Task to carry out – With the pictures left out, please write out exactly each line from the one containing "Irontech | Suki" through the end of the material.

Exercise data –
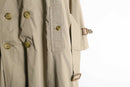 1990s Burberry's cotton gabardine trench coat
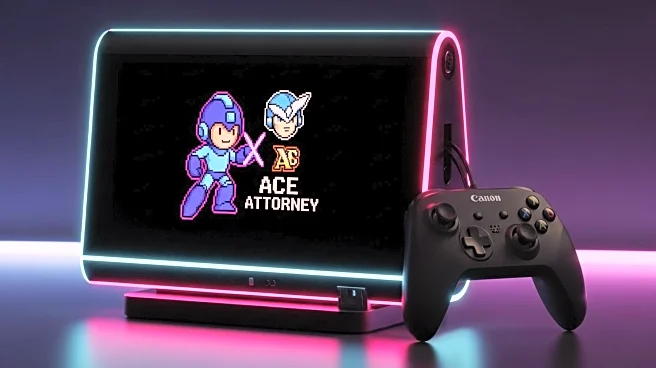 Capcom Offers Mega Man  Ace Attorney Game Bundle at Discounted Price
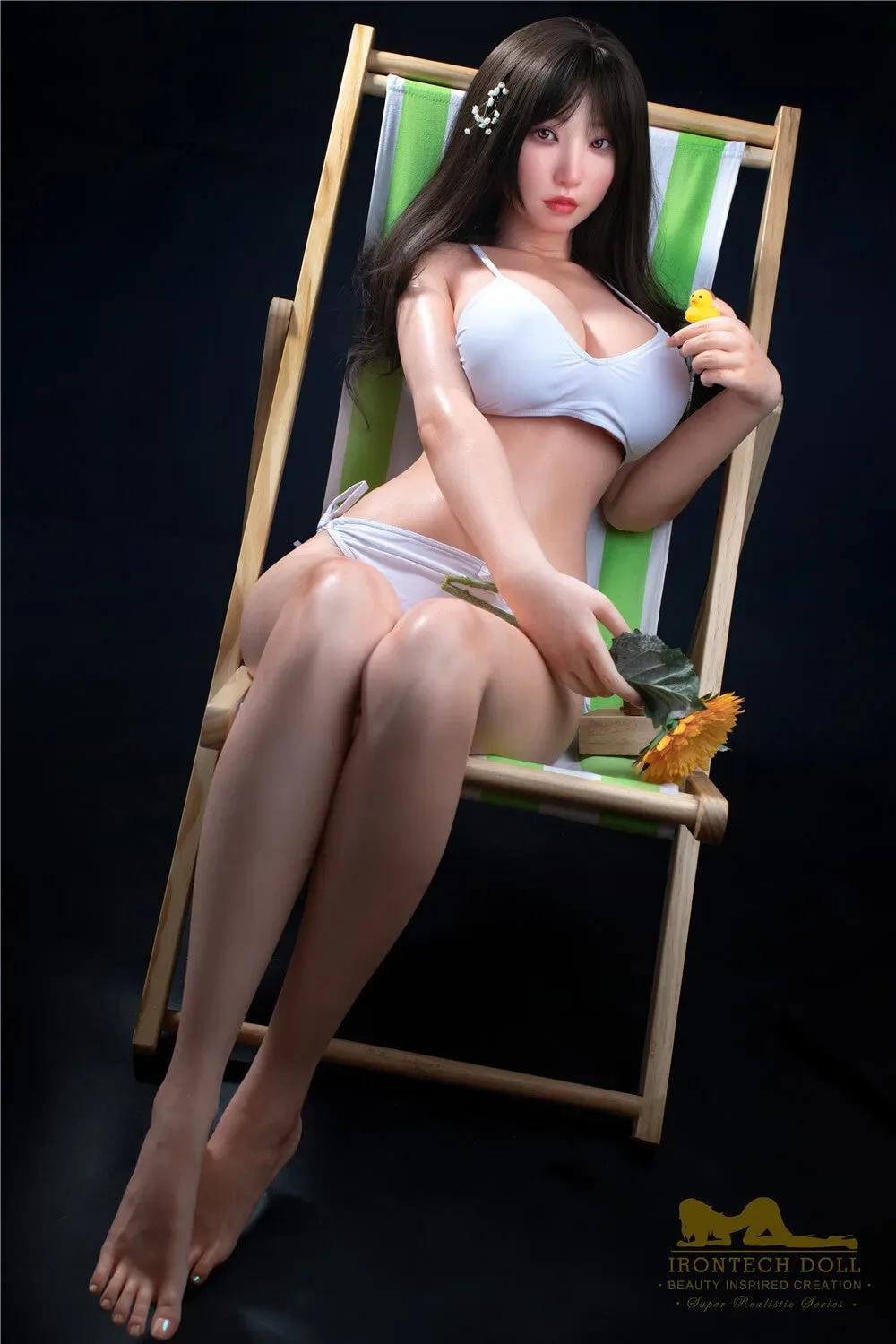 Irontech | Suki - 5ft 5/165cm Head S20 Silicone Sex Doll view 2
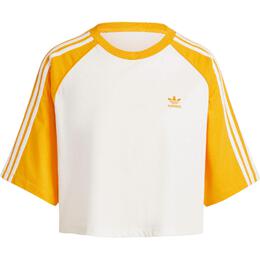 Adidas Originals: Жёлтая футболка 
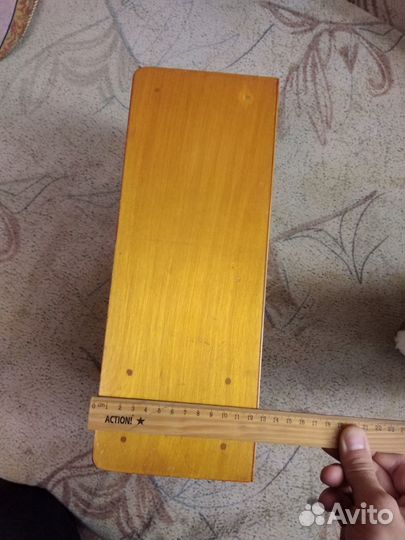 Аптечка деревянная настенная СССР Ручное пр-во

Result below –
 Irontech | Suki - 5ft 5/165cm Head S20 Silicone Sex Doll view 2
 Adidas Originals: Жёлтая футболка 
 Аптечка деревянная настенная СССР Ручное пр-во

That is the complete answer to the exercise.